> _TASK DESCRIPTION_:
Please restate the records below verbatim, omitting every image they hold.

> _SUPPLIED MATERIAL_:

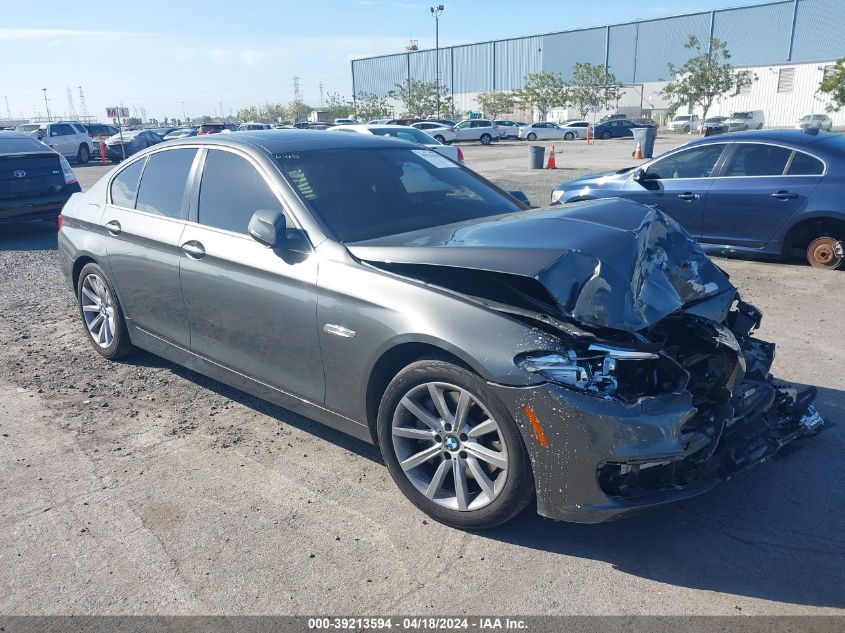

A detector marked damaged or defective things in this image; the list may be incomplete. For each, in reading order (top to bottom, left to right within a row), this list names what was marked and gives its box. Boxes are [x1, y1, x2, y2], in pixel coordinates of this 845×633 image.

damaged bmw sedan [56, 131, 820, 532]
broken headlight [516, 344, 676, 398]
cracked bumper [488, 380, 824, 524]
crushed front end [494, 298, 824, 524]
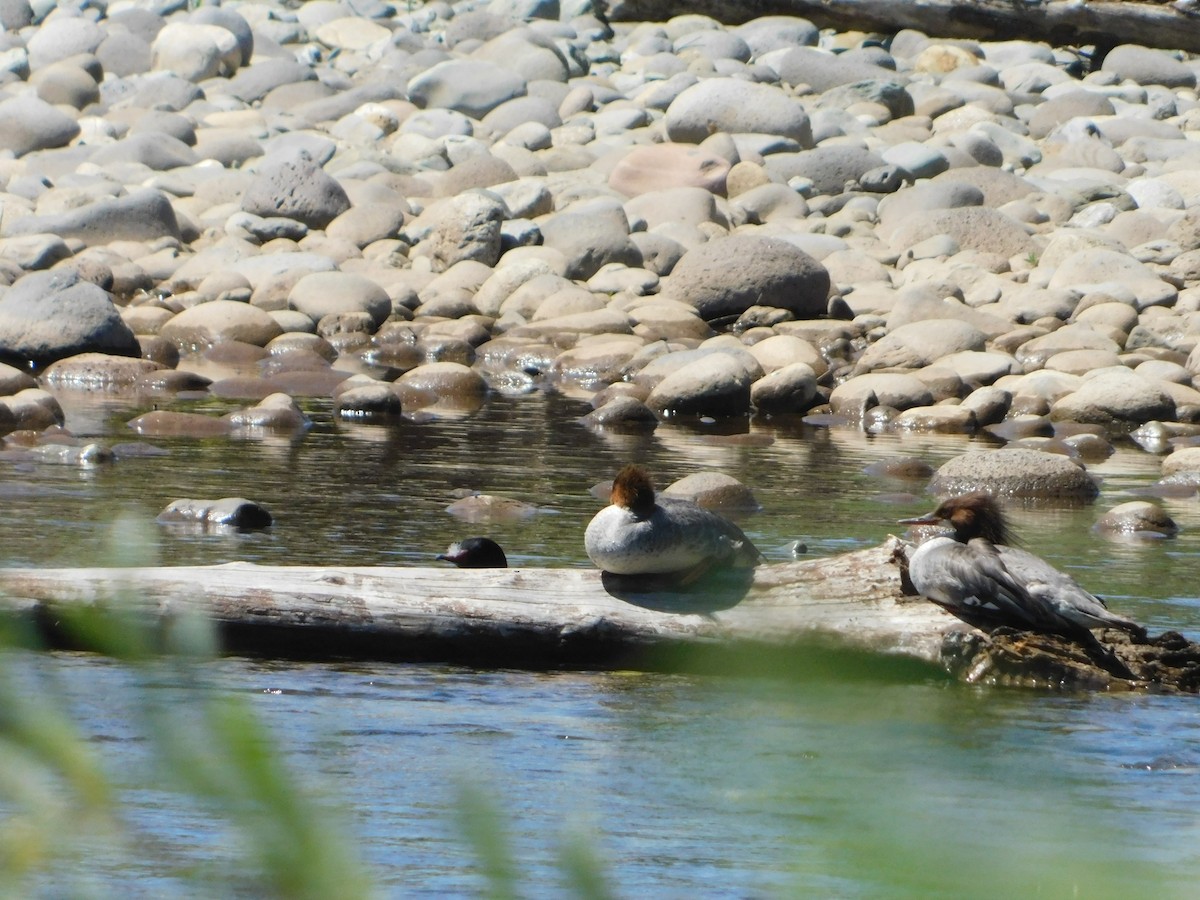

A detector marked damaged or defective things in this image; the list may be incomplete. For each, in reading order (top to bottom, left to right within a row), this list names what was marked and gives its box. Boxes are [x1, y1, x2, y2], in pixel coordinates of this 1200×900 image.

merganser with rust head [436, 540, 506, 566]
merganser with rust head [580, 465, 758, 578]
merganser with rust head [902, 494, 1142, 643]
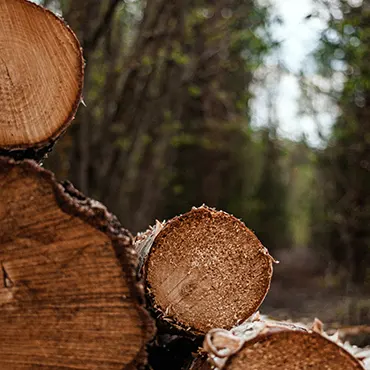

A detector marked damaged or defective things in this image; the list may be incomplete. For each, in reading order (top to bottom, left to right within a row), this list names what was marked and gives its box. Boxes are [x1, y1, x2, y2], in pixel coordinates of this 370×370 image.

splintered wood [0, 0, 83, 158]
splintered wood [0, 158, 154, 368]
splintered wood [136, 207, 274, 336]
splintered wood [191, 316, 368, 370]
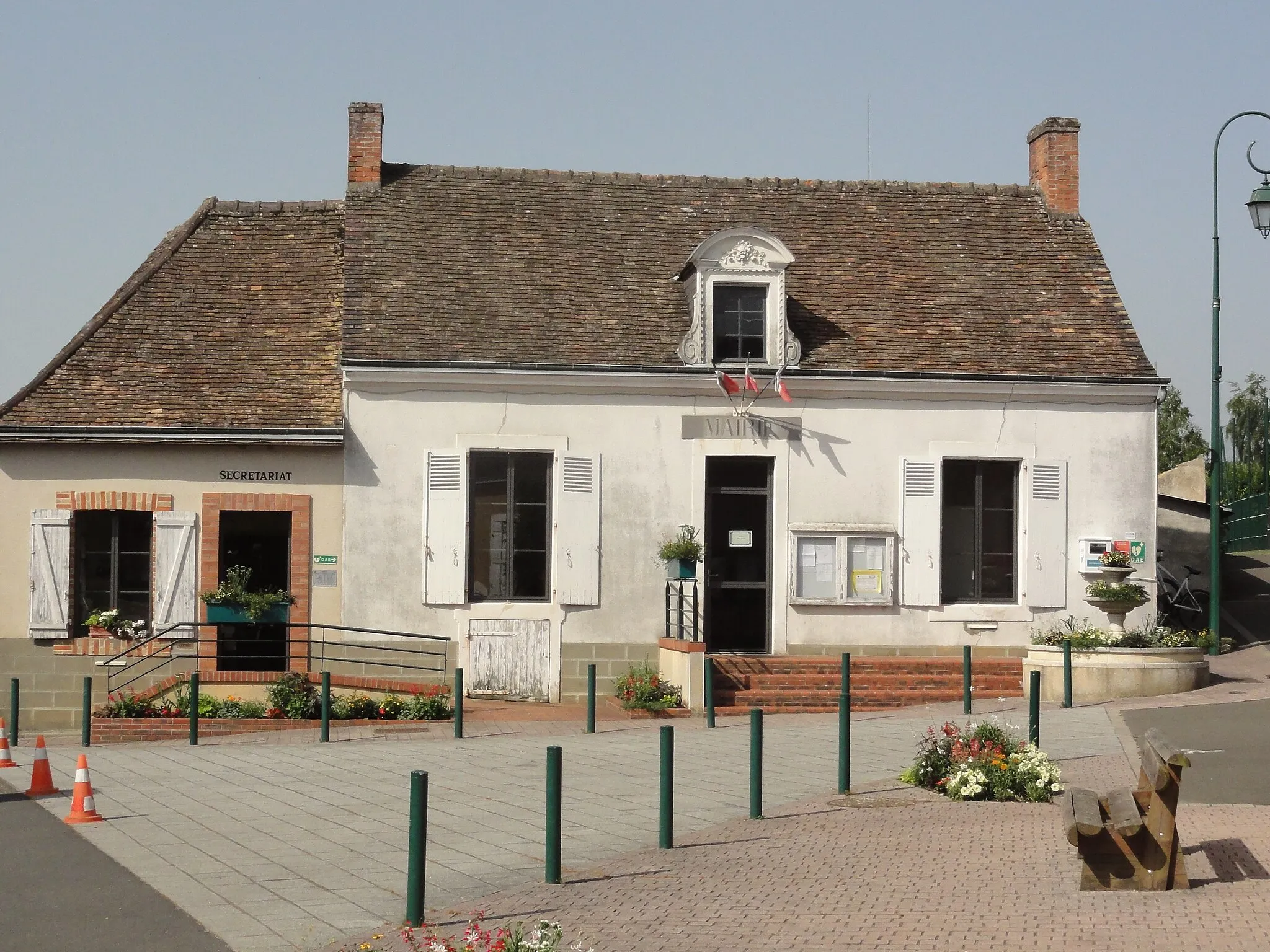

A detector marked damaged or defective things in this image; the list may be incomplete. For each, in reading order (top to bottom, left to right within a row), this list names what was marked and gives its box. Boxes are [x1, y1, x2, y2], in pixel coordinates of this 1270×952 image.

white painted shutter with peeling paint [29, 510, 71, 637]
white painted shutter with peeling paint [151, 510, 198, 637]
white painted shutter with peeling paint [424, 452, 469, 604]
white painted shutter with peeling paint [551, 454, 599, 604]
white painted shutter with peeling paint [904, 459, 944, 606]
white painted shutter with peeling paint [1026, 462, 1067, 612]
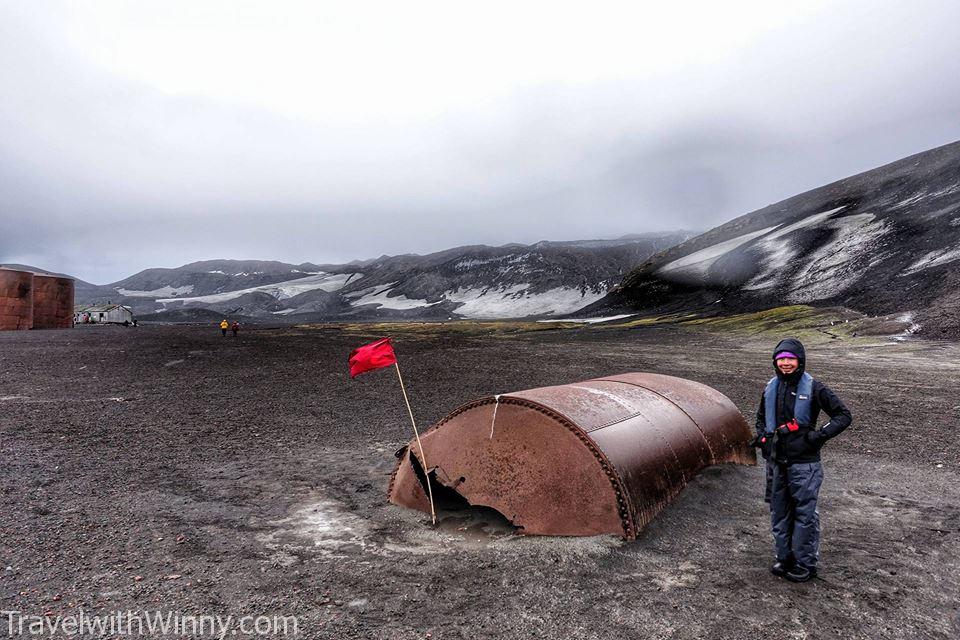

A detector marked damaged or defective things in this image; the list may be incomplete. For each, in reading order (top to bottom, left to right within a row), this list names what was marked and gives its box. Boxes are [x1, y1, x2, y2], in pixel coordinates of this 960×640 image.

rusted metal boiler [0, 268, 34, 330]
large rust tank [0, 268, 35, 330]
large rust tank [32, 274, 75, 330]
rusted metal boiler [32, 274, 75, 330]
rusted metal boiler [390, 372, 756, 536]
large rust tank [390, 372, 756, 536]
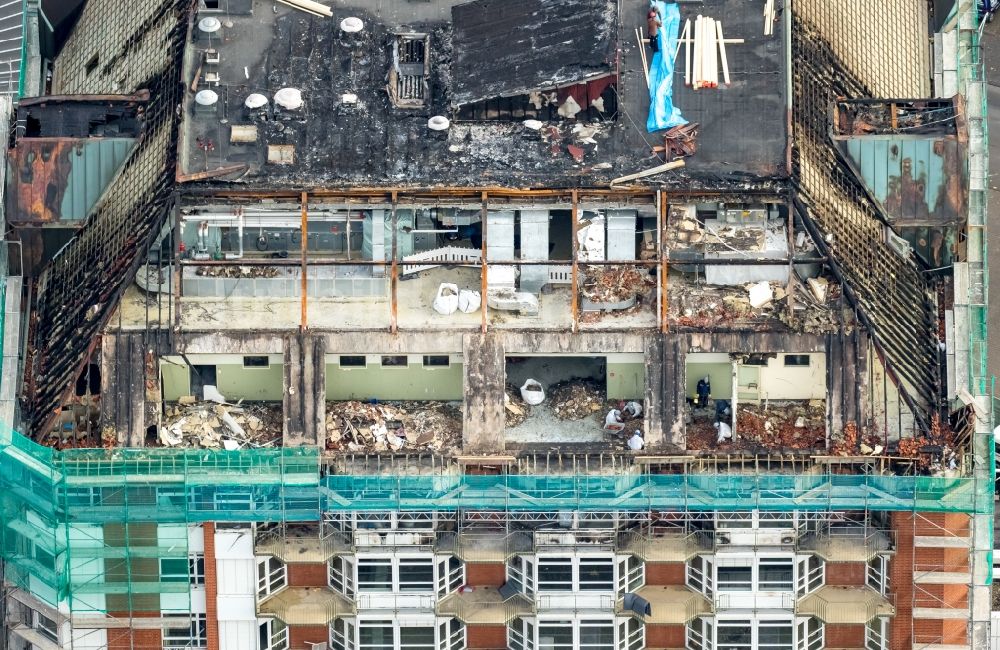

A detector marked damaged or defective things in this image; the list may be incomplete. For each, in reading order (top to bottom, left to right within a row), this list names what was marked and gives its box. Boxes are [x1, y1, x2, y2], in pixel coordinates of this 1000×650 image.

burnt window opening [388, 34, 428, 108]
fire-damaged roof [448, 0, 616, 106]
charred roof section [448, 0, 616, 106]
burnt window opening [454, 80, 616, 123]
burnt window opening [784, 352, 808, 368]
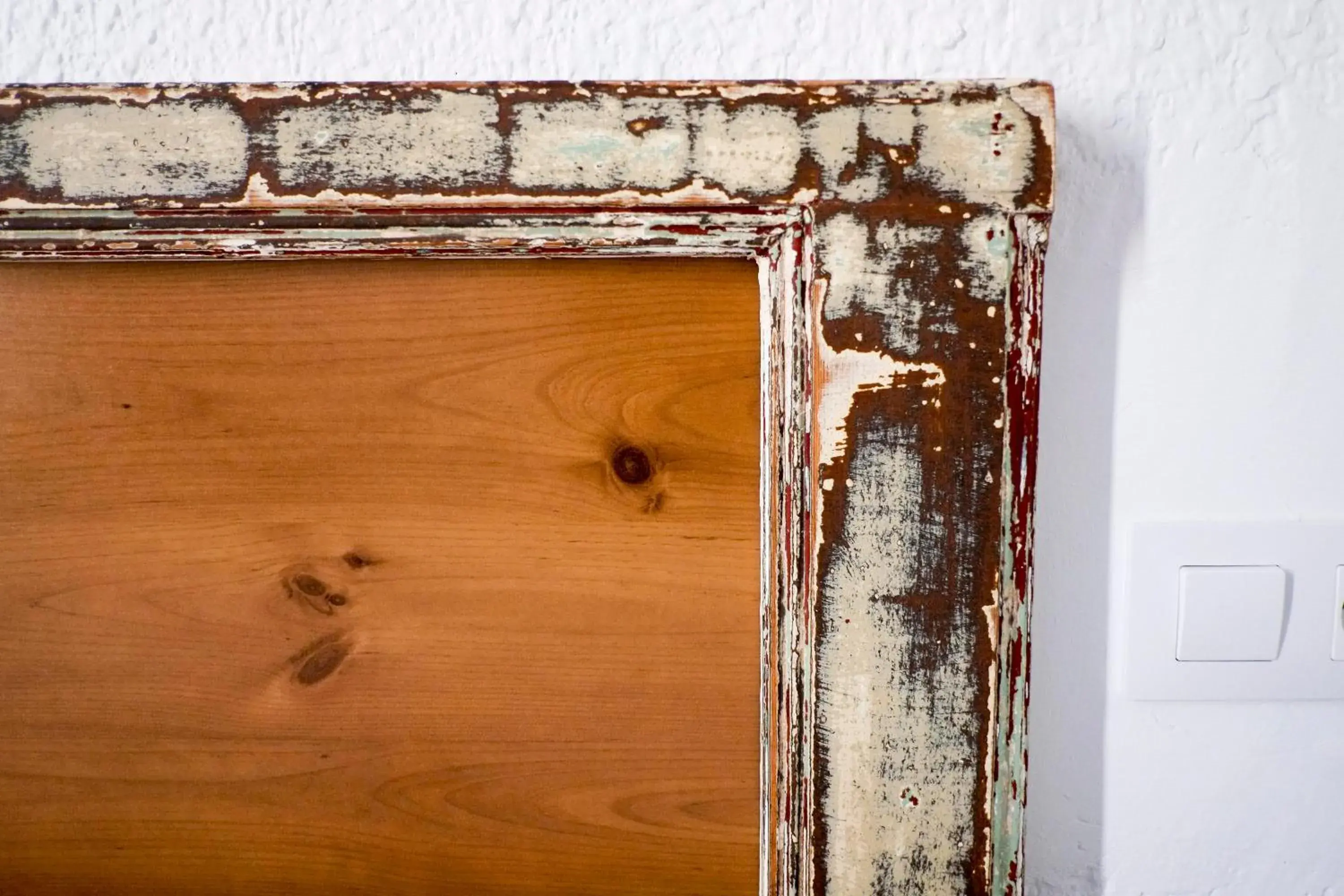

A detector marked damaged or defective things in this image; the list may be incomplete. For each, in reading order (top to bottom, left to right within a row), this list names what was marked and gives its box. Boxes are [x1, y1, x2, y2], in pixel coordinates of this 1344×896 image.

> _TASK ANSWER_:
A detector marked damaged or defective things in this image; the list may be incomplete. For each, in reading order (top to bottom, left to right within a row), this list names what was marked and gives its box. Boxes are [x1, y1, x2, y2], in pixel coordinates of this 845×633 image.

damaged bmw sedan [56, 131, 820, 532]
broken headlight [516, 344, 676, 398]
cracked bumper [488, 380, 824, 524]
crushed front end [494, 298, 824, 524]

A detector marked damaged or defective things in this image; the list may be incomplete. For each, in reading order (top to bottom, left to right within a row), this list names what was marked and gives its box. Boxes are [x1, y1, x2, y2], in pixel coordinates of this 1200×900 image.

merganser with rust head [436, 540, 506, 566]
merganser with rust head [580, 465, 758, 578]
merganser with rust head [902, 494, 1142, 643]

A detector marked damaged or defective things in this image; the list may be incomplete. For each, in reading order (top to bottom, left to right within a row), this list names what was marked and gives its box. Boxes are [x1, y1, x2, y2], in pixel coordinates of this 370×370 image.

splintered wood [0, 0, 83, 158]
splintered wood [0, 158, 154, 368]
splintered wood [136, 207, 274, 336]
splintered wood [191, 316, 368, 370]

A detector marked damaged or defective things in this image; the list may be incomplete. For each, in reading order (top to bottom, left to right within a row), this list names what was marked and gives its box. Boxes are [x1, y1, x2, y2], in pixel coordinates of this 1270×952 image.

white painted shutter with peeling paint [29, 510, 71, 637]
white painted shutter with peeling paint [151, 510, 198, 637]
white painted shutter with peeling paint [424, 452, 469, 604]
white painted shutter with peeling paint [551, 454, 599, 604]
white painted shutter with peeling paint [904, 459, 944, 606]
white painted shutter with peeling paint [1026, 462, 1067, 612]

A detector marked damaged or defective things in this image; the list may be incomplete. For each, in reading order (top to bottom, left to right within a row), this list names what was marked and gives its box. Boxes are [x1, y1, x2, y2], in pixel coordinates of this 960×640 image.

rusted metal boiler [0, 268, 34, 330]
large rust tank [0, 268, 35, 330]
large rust tank [32, 274, 75, 330]
rusted metal boiler [32, 274, 75, 330]
rusted metal boiler [390, 372, 756, 536]
large rust tank [390, 372, 756, 536]

A detector marked damaged or defective things in this image; the list may be incomplete. For each, in reading order (top to bottom, left to right within a row), this list names what was marked and gives its box. Boxes are [x1, y1, x2, y2], in pixel coordinates of this 1000×650 image.

burnt window opening [388, 34, 428, 108]
fire-damaged roof [448, 0, 616, 106]
charred roof section [448, 0, 616, 106]
burnt window opening [454, 80, 616, 123]
burnt window opening [784, 352, 808, 368]

A detector marked damaged or defective things in this image; the list may be incomplete. For each, in reading order (top to bottom, left to right within a row), this list names what was marked and gives its box. Boxes are [x1, y1, x2, y2], in pixel coordinates of this 1344×896 image.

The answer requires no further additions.